Reputation: 1519
I am trying to speed up a Monte Carlo simulation of a discrete time-inhomogeneous Markov chain using data.table or some form of parallelisation. Using random dummy transition matrices TM, I am simulating nSteps time steps in each of N simulations and starting from a an initial state vector initialState record the next updated state in currentState. At each time step, I matrix multiply the current state with the transition matrix TM.
Code 1 with loop
nStates <- 5 #number of states
initialState <- c(rep(1/nStates, nStates)) #vector with uniform initial states
nSteps <- 10 #number of time steps
N <- 10000 #number of simulations
ind.arr <- matrix(1:(N*nSteps),ncol=nSteps, byrow=TRUE)
currentState <- vector("list",(N*(nSteps))) #collects the nSteps state vectors for each simulation
system.time(
for (i in 1:N) {
TM <- matrix(runif(nStates^2), ncol=nStates) #random transition matrix for each time step and each simulation
currentState[[(ind.arr[i,1])]] <- initialState %*% (TM / rowSums(TM)) #/rowSums(TM) ensures that TM is a transition matrix
for (t in 2:nSteps){
TM <- matrix(runif(nStates^2), ncol=nStates)
currentState[[(ind.arr[i,t])]] <- currentState[[(ind.arr[i,t-1])]] %*% (TM / rowSums(TM))
}
})
The code is not super slow, but I am wondering whether avoiding the N-loop can accelerate the code.
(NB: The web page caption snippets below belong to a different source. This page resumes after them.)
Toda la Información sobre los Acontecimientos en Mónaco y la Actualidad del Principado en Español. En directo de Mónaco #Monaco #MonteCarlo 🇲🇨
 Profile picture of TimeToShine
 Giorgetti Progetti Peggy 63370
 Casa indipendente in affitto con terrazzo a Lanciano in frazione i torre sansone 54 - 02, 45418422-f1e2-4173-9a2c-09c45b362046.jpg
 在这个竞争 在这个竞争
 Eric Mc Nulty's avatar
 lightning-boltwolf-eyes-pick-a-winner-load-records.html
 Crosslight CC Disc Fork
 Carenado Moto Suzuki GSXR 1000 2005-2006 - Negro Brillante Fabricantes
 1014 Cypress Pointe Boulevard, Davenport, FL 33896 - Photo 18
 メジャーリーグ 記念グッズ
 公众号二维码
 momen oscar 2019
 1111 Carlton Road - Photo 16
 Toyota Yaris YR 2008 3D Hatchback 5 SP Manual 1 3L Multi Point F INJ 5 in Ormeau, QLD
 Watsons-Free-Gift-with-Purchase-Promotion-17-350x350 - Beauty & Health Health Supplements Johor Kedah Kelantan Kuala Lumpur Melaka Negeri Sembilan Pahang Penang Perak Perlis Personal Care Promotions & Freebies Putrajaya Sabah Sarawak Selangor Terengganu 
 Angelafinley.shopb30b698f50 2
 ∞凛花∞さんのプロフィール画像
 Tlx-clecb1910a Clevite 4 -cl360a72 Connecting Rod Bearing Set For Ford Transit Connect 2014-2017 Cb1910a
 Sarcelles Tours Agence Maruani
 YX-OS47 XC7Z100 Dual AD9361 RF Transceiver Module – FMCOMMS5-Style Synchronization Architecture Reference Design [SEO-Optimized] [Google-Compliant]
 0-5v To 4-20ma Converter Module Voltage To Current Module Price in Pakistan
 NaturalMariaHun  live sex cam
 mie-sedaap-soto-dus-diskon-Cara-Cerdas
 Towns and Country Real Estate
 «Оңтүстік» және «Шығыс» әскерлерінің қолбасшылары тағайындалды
If I put the body of the N-loop in a function
statefun <- function(initialState, nSteps, nStates){
TM <- matrix(runif(nStates^2), ncol=nStates) #random transition matrix for each time step and each simulation
currentState <- matrix(rep(NA, nSteps*nStates), ncol=nStates)
currentState[1,] <- initialState %*% (TM / rowSums(TM)) #/rowSums(TM) ensures that TM is a transition matrix
for (t in 2:nSteps){
TM <- matrix(runif(nStates^2), ncol=nStates)
currentState[t,] <- currentState[t-1,] %*% (TM / rowSums(TM))
}
return(currentState)
}
and use data.table, I get an error and not the desired result
library(data.table)
system.time(dt <- data.table(i=1:N)[, c("s1", "s2", "s3", "s4", "s5") := list(statefun(initialState, nSteps, nStates)), by=i])
#As each simulation run is independent and the call of statefun is expensive, I was hoping that parallelisation helps to accelerate the code, but trying foreach is actually slower than where I started.
library(foreach)
system.time(res <- foreach(i=1:N, .combine='c') %do% statefun(initialState, nSteps, nStates))
I appreciate any comment on how to make data.table work or using parallelisation in this case. Many thanks, Tim
@ EDIT:This one doesn't pick up the ten row output of the function call...
system.time( #does not work
dt <- data.table(i=1:N)[,c("s1", "s2", "s3", "s4", "s5"):=as.list(statefun(initialState, nSteps, nStates)),by=i]
)
Upvotes: 1
Views: 512
Reputation: 19677
If you convert the outer for loop into a foreach loop with 10,000 tasks, the performance isn't good because the tasks are too small. It's often better to make the number of tasks equal to the number of workers. Here's a simple way to do that using the idiv
function from the iterators
package:
library(doParallel)
nw <- 4
cl <- makePSOCKcluster(nw)
registerDoParallel(cl)
nStates <- 5
initialState <- c(rep(1/nStates, nStates))
nSteps <- 10
N <- 10000
currentState <- foreach(n=idiv(N, chunks=nw), .combine='c') %dopar% {
ind.arr <- matrix(1:(n * nSteps), ncol=nSteps, byrow=TRUE)
cur <- vector("list", n * nSteps)
for (i in 1:n) {
TM <- matrix(runif(nStates^2), ncol=nStates)
cur[[ind.arr[i,1]]] <- initialState %*% (TM / rowSums(TM))
for (t in 2:nSteps) {
TM <- matrix(runif(nStates^2), ncol=nStates)
cur[[(ind.arr[i,t])]] <-
cur[[(ind.arr[i,t-1])]] %*% (TM / rowSums(TM))
}
}
cur
}
Instead of simply parallelizing the outer for loop, this adds a foreach loop around a smaller version of the sequential code. So if you figure out a way to improve the sequential code you can easily use that in the parallel version. You may also get better performance by not returning all of the intermediate states.
Upvotes: 2
Reputation: 3278
There is an example in this thread that could suit your needs. You would need to use replicate, from the lapply function in base.
replicate(N, statefun(initialState, nSteps, nStates))
Upvotes: 0